# Records supplied:
· · · · · · ·
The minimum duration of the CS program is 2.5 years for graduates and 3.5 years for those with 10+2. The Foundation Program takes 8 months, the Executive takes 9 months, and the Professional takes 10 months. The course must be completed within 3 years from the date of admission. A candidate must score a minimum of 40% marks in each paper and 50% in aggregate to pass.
· · · · · · ·
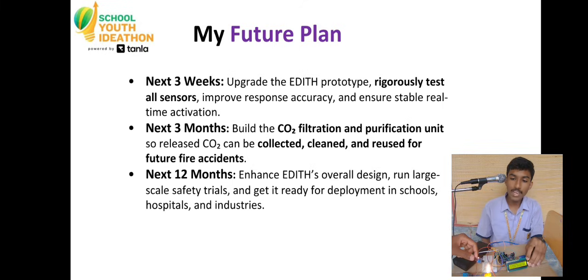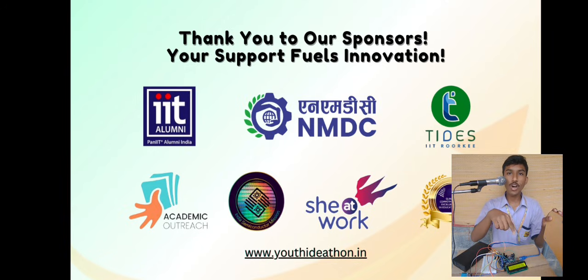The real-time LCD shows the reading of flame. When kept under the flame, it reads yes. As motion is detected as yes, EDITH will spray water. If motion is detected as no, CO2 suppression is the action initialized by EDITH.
· · · · · · ·
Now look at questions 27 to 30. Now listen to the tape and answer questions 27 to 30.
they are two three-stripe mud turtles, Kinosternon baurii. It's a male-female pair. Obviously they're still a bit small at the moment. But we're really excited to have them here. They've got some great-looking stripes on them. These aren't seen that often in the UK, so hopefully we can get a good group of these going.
· · · · · · ·
# Your objective:
Within the listing above, extract exactly the lines from the line with "Now look at" to the line with "they are two", the two named lines included, and no others.

# Result below:
Now look at questions 27 to 30. Now listen to the tape and answer questions 27 to 30.
they are two three-stripe mud turtles, Kinosternon baurii. It's a male-female pair. Obviously they're still a bit small at the moment. But we're really excited to have them here. They've got some great-looking stripes on them. These aren't seen that often in the UK, so hopefully we can get a good group of these going.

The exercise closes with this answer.